Un système sous pression
Alors que la France connaît des épisodes de chaleur extrême de plus en plus fréquents, le réseau électrique national doit faire face à des défis inédits. Les températures élevées entraînent une hausse de la consommation d'électricité, notamment pour les besoins de climatisation, tandis que les infrastructures de production et de transport d'énergie sont elles-mêmes vulnérables à la chaleur. Cette double contrainte met les gestionnaires du réseau sous tension.

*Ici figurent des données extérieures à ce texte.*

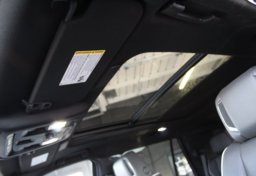 2023 Cadillac Escalade - Image 62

Des records de consommation estivale
Les vagues de chaleur successives observées ces dernières années ont provoqué des records de consommation électrique en période estivale. En 2023, la demande a culminé à plus de 80 gigawatts lors d'un épisode caniculaire, un niveau historiquement élevé pour un mois de juillet. Cette hausse est largement attribuée à l'usage massif des climatiseurs, dont le nombre a doublé en France en cinq ans. RTE, le gestionnaire du réseau de transport d'électricité, a dû activer des mesures exceptionnelles pour garantir l'équilibre offre-demande, notamment en sollicitant des centrales au gaz ou en important de l'électricité depuis les pays voisins.

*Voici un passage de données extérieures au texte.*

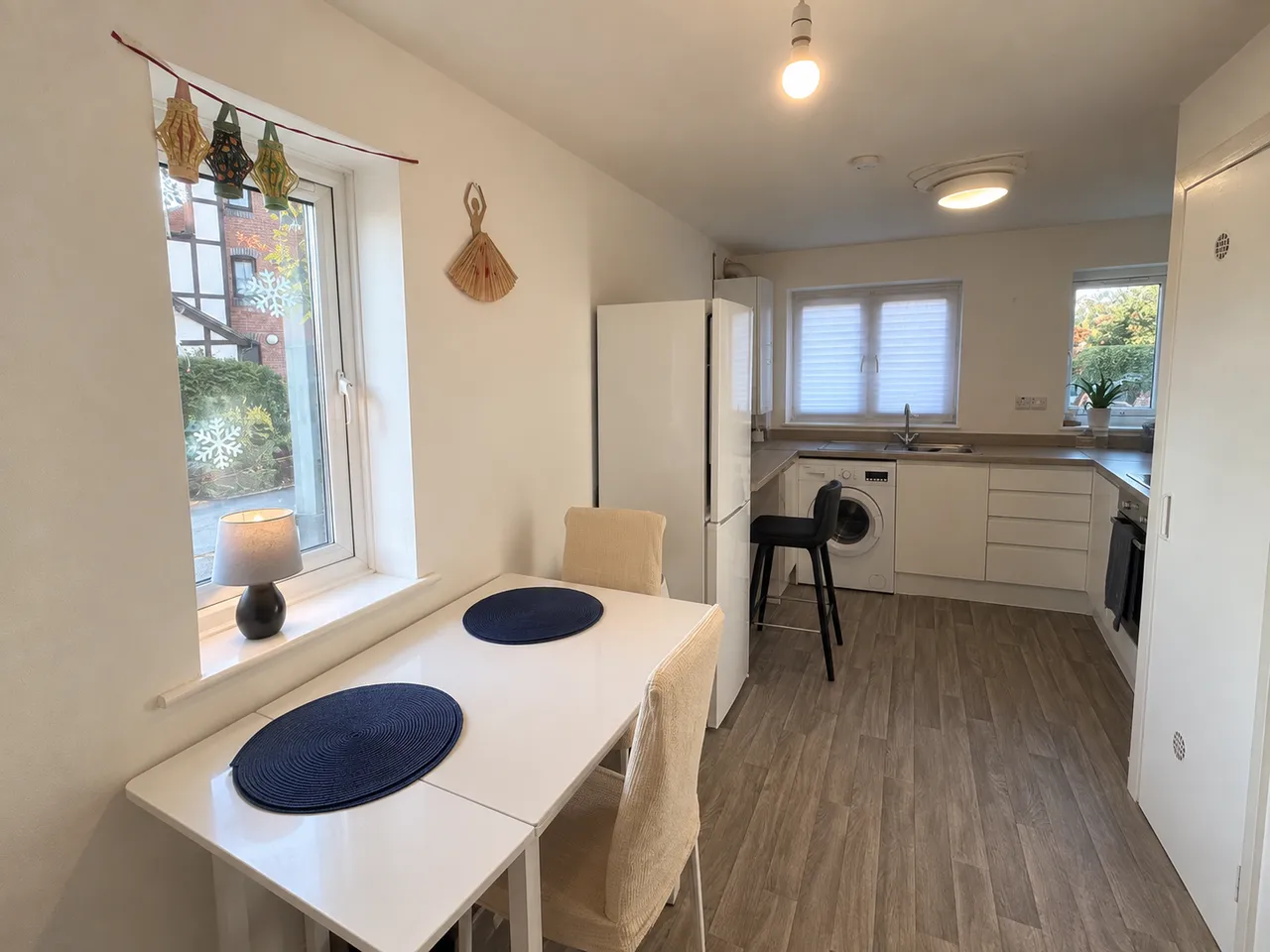 2 bed flat to rent, Gatehouse, The Moorings, CV31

Des centrales nucléaires mises à l'épreuve
Les centrales nucléaires, qui fournissent l'essentiel de l'électricité en France, sont particulièrement sensibles aux fortes chaleurs. Pour leur refroidissement, elles puisent de l'eau dans les cours d'eau, dont le débit et la température sont réglementés. En période de canicule et de sécheresse, les fleuves peuvent voir leur température dépasser les seuils autorisés, ce qui contraint EDF à réduire la puissance de certaines centrales, voire à les arrêter temporairement. Ainsi, durant l'été 2022, plusieurs réacteurs du parc nucléaire ont dû être déconnectés, entraînant une baisse de la capacité de production d'environ 10 %. Cette situation a illustré la fragilité du système face aux aléas climatiques.

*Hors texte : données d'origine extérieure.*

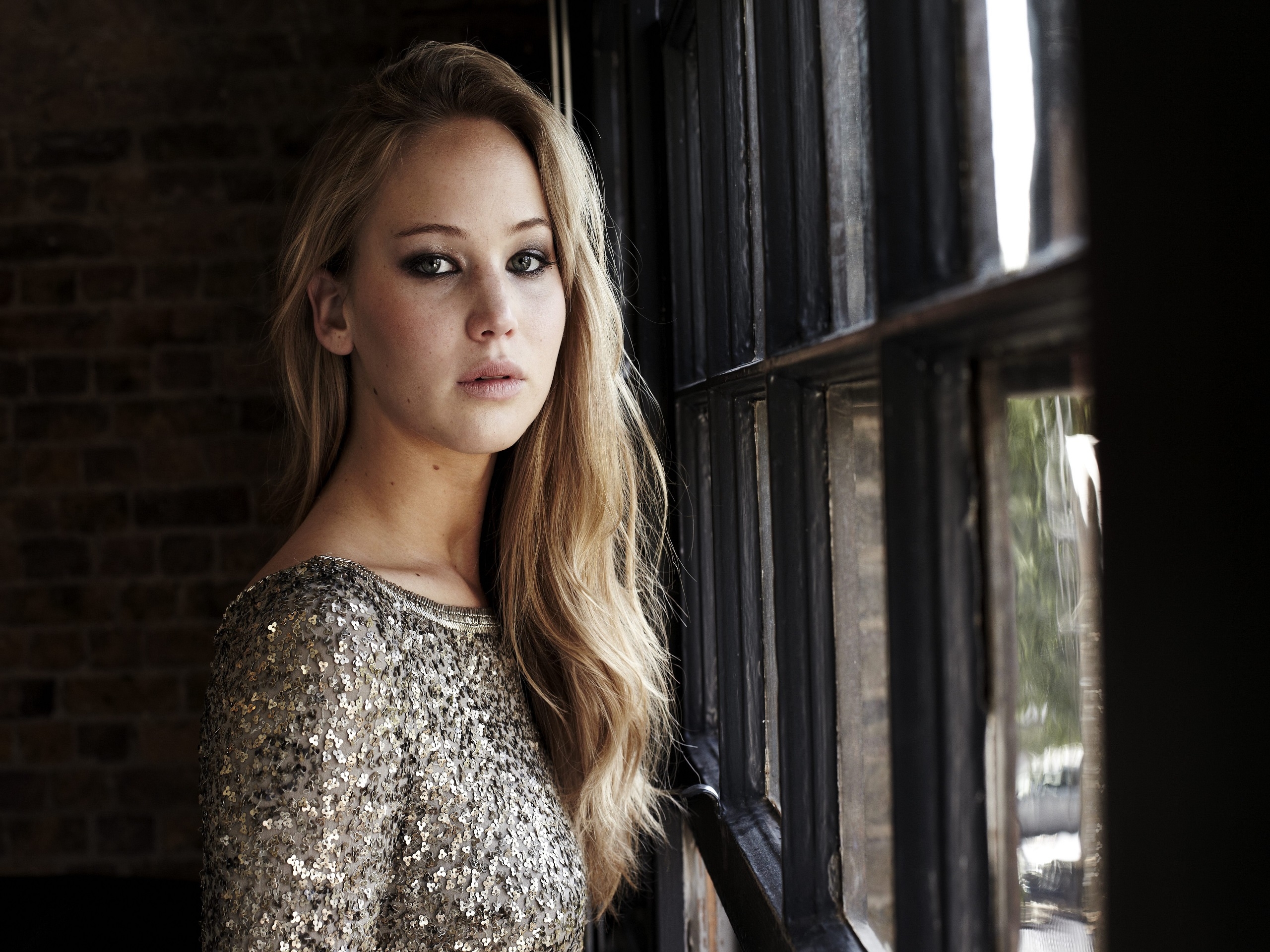 Jennifer Lawrence Cool Look for 2560 x 1920 resolution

Un réseau de transport vulnérable
Les lignes à haute tension, essentielles pour acheminer l'électricité sur tout le territoire, subissent également les conséquences de la chaleur. Sous l'effet des températures élevées, les câbles se dilatent et leur résistance augmente, réduisant la capacité de transport. Selon RTE, une hausse de 10 °C peut entraîner une diminution de la capacité de transit de 10 à 15 %. Par ailleurs, les transformateurs et autres équipements électriques voient leur durée de vie réduite lorsqu'ils fonctionnent dans des conditions de chaleur extrême, augmentant les risques de pannes.
Des investissements nécessaires mais insuffisants
Face à ces enjeux, des investissements ont été engagés pour renforcer la résilience du réseau. RTE a lancé un plan d'adaptation de 100 milliards d'euros d'ici 2050, visant à moderniser les infrastructures et à développer les interconnexions avec les pays voisins. Cependant, des experts soulignent que ces efforts restent insuffisants au regard de l'accélération du réchauffement climatique. En février 2025, un rapport de la Cour des comptes a pointé un « retard flagrant » dans l'adaptation du système électrique français aux canicules, estimant que les mesures actuelles ne permettront pas de garantir la sécurité d'approvisionnement à long terme.
Vers un plan de sobriété estivale
Pour limiter les tensions, les autorités encouragent également des mesures de sobriété énergétique. En juin 2025, le gouvernement a lancé une campagne de sensibilisation intitulée « Éco-été », invitant les particuliers et les entreprises à réduire leur consommation de climatisation, par exemple en réglant les appareils à 26 °C ou en favorisant les ventilateurs. Des incitations financières ont aussi été prévues pour l'isolation des bâtiments et l'installation de stores extérieurs.
Un enjeu de long terme
La multiplication des épisodes caniculaires, amplifiée par le changement climatique, pose un défi structurel pour le réseau électrique français. Les projections de Météo-France indiquent que les vagues de chaleur pourraient être deux à trois fois plus fréquentes d'ici 2050. Dans ce contexte, la sécurité d'approvisionnement en électricité pendant les périodes de forte chaleur devient une priorité stratégique, impliquant à la fois la modernisation des infrastructures, le développement des énergies renouvelables et une évolution des comportements de consommation.